Many marketers don’t realise that a large amount of direct traffic is normally no the result of many “direct visitors” but rather the result of visits where the referral information is not passed on to Google Analytics. If you send out regular newsletters to an email list and your visitors click a website link, the referral information is often not passed on from the email provider. As a result the majority of your email traffic could be classified as “Direct / none” even though this is not the case.

In order to be able to make the best possible marketing decisions, you want to make sure that all of your traffic sources are picked up accurately in Google Analytics.

Step 1: Analyse your ratio of direct traffic

Google Analytics -> Acquisition -> All Traffic -> Source/Medium

The report below shows all traffic sources including “Direct / none”. In this example the ratio of direct traffic is around 18% which is lower than most websites. This is the result of implementing Google Analytics tracking links whenever possible (next step).

Direct traffic1

Step 2: Using Google Analytics tracking links for traffic attribution

Google has a tool called URL builder. Here’s the link: https://support.google.com/analytics/answer/1033867?hl=en.

The tool allows you to build custom tracking links for all of your different marketing channels (for example email, social and ad campaigns other than AdWords).

Let’s say you want to send out a “February Promotion” to your newsletter subscribers. If you just link straight to your website without a tracking link a lot of the traffic would be recorded as “Direct / none” which doesn’t allow you to analyse the performance of your email campaigns.

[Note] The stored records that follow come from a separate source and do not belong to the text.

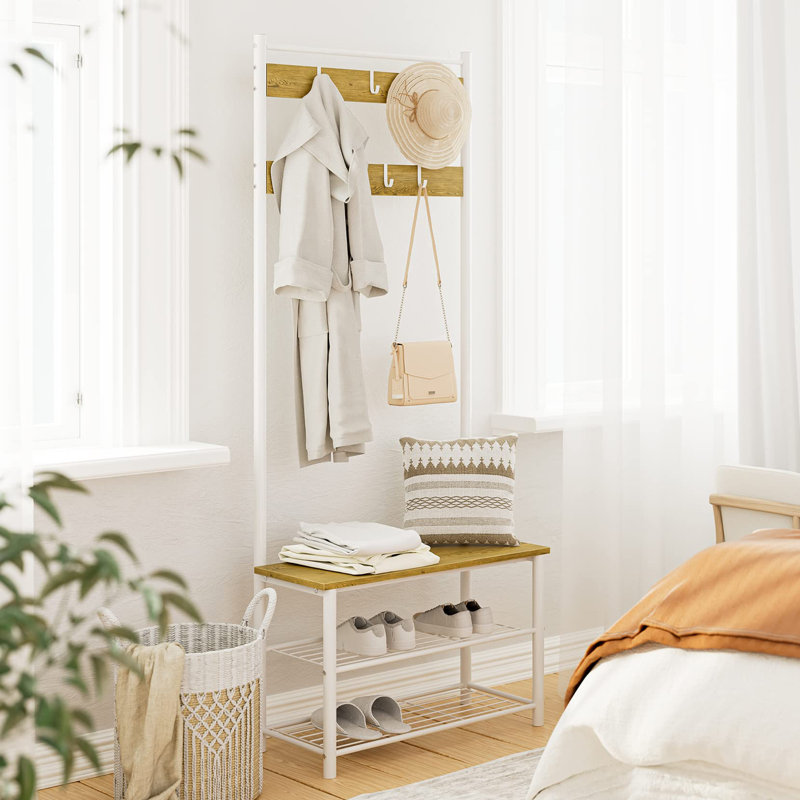 Freestanding Wooden Coat Rack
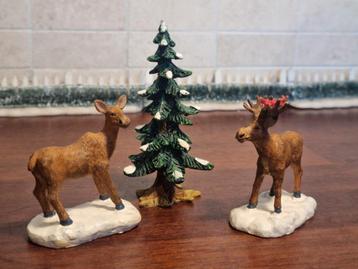 LEMAX Mr. And Mrs. Moose #32725 – set van 3  beschikbaar voor biedingen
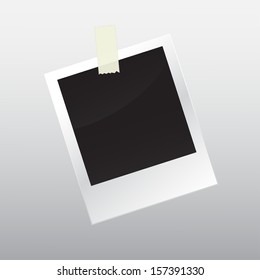 Photo frame with scotch tape 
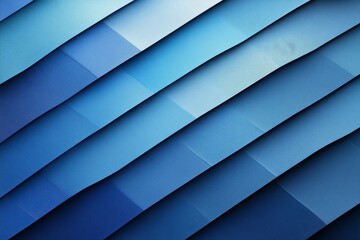 Obraz premium Abstract blue background with diagonal lines and gradient stripes of light and dark blue tones. Modern, dynamic, and high-resolution design.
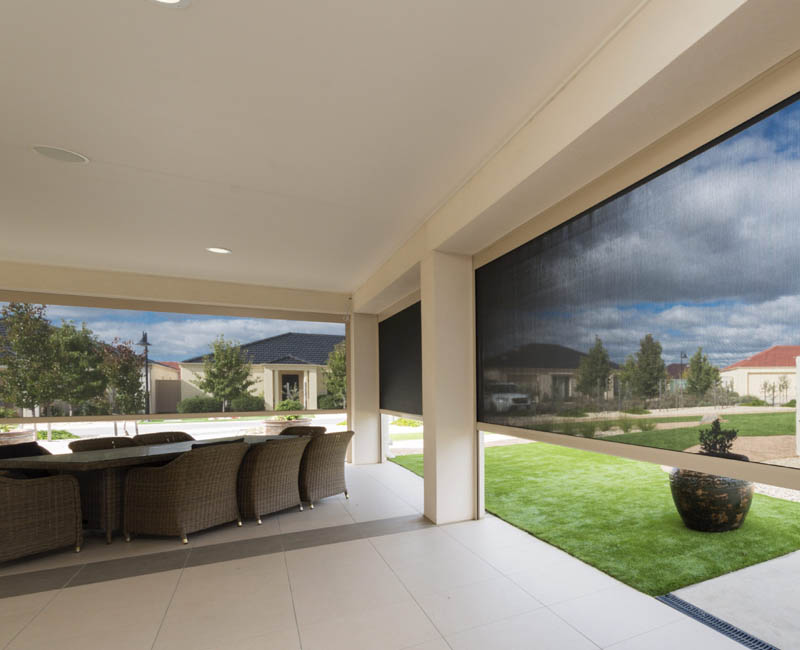 Alfresco blinds installation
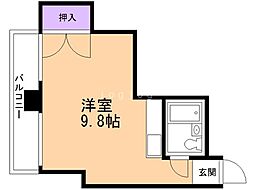 間取図画像 ワンルーム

Instead you should use the URL builder to setup a tracking link as follows:

– Website URL: the website URL or landing page URL where you want to send visitors
– Campaign Source: In this case “newsletter” but you can choose whatever you want (e.g. Facebook, Twitter, Bing etc.)
– Campaign Medium: This should describe the type of traffic, in this case “email”. You could use “cpc” (cost per click) for ad campaigns or “social” for your social media platforms.
– Campaign Term and Campaign Content are optional
– Campaign Name: use a descriptive name that you will recognise later when it shows up in your Google Analytics reports, in this case I used “feb2015-promotion”

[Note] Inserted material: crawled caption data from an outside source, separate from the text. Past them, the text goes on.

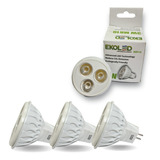 Kit 10 Lâmpadas Led 3w Mr16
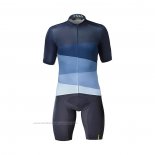 2021 Maillot Cyclisme Mavic Bleu Manches Courtes et Cuissard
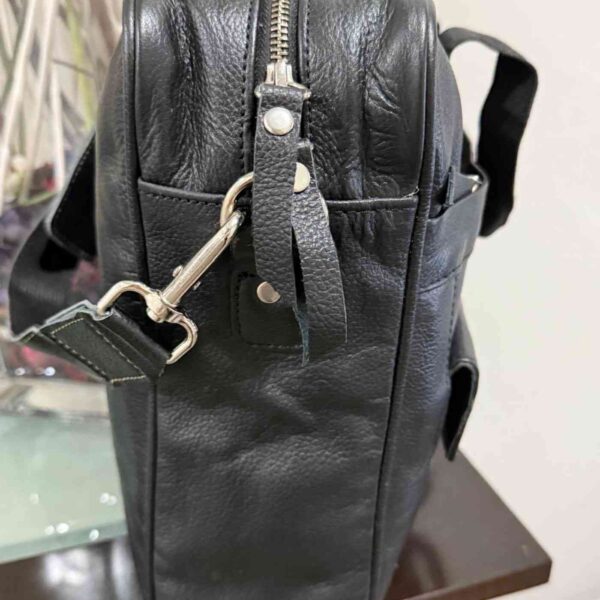 front-zipper-leather-laptop-bag-black-vintage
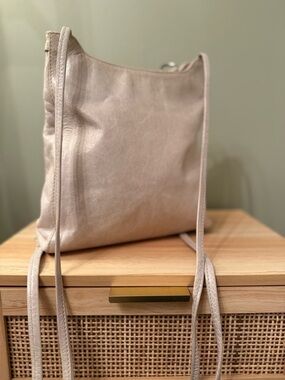Opale Cream Genuine Leather Convertible Backpack / Crossbody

Once you are done, click on “Submit” to generate the link. Then just copy the link and use it in your newsletter.

URL builder

Here’s how Google Analytics will pick up the traffic from this link:

Google Analytics -> Acquisition -> All Traffic -> Source / Medium

As you can see in the screenshot below, the traffic source shows as “newsletter / email”.

URL builder2

Google Analytics -> Acquisition -> Campaigns -> All Campaigns

In the report below, the traffic source shows as our previously defined campaign name “feb2015-promotion”. By using descriptive campaign names you can easily identify your campaigns later.